Pohl's "The Age of the Pussyfoot" is an interesting take on that exact scenario.
So your argument is they should just let the hill wash away, aka let it all die.
Good to see you thinking things through like that. Perhaps they already thought of such things, and of course: you have to start somewhere.
Which part of "Does't the rest of habitat need saving as well?" do you not understand?
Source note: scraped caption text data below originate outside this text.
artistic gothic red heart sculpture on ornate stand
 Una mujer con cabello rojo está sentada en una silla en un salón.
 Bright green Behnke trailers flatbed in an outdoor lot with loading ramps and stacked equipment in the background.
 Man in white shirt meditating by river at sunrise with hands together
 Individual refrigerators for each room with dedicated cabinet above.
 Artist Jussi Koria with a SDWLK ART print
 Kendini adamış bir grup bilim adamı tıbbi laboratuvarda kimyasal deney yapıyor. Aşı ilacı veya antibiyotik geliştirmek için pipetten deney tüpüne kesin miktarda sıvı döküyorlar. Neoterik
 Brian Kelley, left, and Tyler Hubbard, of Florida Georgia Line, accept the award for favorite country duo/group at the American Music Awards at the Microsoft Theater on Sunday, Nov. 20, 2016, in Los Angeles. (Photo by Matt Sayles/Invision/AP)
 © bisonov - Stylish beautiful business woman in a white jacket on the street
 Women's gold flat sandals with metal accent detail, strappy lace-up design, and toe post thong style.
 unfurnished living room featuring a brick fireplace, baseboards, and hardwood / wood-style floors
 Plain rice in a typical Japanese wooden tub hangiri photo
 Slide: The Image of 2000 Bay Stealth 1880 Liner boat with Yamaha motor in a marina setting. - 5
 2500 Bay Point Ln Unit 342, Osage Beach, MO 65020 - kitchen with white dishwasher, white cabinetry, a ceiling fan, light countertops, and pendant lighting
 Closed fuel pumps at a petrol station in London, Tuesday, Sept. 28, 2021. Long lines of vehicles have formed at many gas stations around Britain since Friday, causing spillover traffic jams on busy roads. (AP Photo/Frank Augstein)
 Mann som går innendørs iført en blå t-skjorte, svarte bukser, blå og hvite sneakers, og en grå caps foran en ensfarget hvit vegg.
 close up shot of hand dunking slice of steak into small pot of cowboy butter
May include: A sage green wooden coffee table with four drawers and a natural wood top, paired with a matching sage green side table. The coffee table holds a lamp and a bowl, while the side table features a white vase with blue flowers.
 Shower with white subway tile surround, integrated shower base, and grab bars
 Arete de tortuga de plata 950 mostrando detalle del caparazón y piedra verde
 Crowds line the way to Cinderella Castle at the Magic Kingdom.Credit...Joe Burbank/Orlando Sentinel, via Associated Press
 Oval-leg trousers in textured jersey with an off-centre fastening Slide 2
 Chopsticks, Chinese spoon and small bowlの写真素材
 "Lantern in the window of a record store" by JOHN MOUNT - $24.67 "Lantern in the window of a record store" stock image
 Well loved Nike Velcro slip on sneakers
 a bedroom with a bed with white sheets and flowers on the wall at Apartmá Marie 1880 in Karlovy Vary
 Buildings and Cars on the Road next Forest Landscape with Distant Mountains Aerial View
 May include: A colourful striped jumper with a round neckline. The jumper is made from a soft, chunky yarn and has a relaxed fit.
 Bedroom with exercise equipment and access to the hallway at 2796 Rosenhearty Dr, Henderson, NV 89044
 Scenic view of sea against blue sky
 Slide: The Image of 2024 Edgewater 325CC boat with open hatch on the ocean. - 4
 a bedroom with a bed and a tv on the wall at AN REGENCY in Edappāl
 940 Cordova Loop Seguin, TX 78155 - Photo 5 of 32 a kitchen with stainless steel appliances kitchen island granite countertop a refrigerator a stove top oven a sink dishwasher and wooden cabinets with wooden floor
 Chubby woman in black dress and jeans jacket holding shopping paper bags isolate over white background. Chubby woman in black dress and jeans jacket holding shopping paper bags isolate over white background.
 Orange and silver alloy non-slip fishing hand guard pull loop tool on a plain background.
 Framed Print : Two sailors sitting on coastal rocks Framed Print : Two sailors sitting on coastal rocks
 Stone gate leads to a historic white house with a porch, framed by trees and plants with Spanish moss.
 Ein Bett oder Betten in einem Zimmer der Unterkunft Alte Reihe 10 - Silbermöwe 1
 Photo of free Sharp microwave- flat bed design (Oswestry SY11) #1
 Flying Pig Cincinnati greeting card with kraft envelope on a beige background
Stay sentient. Don't drink bad milk.
Obviously the exact same technique won't work because scale does matter to the laws of physics. However, the fact that sperm/eggs/entire human embryos can be frozen and reused shows that freezing entire human beings is possible in theory.
As a matter of fact, there are techniques that might work for entire human beings. Google for the Japanese "Cell alive" system.
"Of modest use". You could buy CENTURIES to work on the mortality problem if this technique worked.
Heh, amazing how much thought we put into physical immortality, when we could be devoting resources much more effectively into logical immortality AKA knowledge transfer AKA education ;-)
I'd think that if we had unlimited lifetimes, we wouldn't be in any rush to learn or accomplish anything, because, you know, you could just do it later. And when you die your body of knowledge still goes with you, assuming you haven't forgotten it.
On the other hand, if we concentrated on transferring our body of knowledge faster and more efficiently to the younger generation, we might actually get somewhere.
Coral species, on the other hand, are worth preserving. You know, for SCIENCE.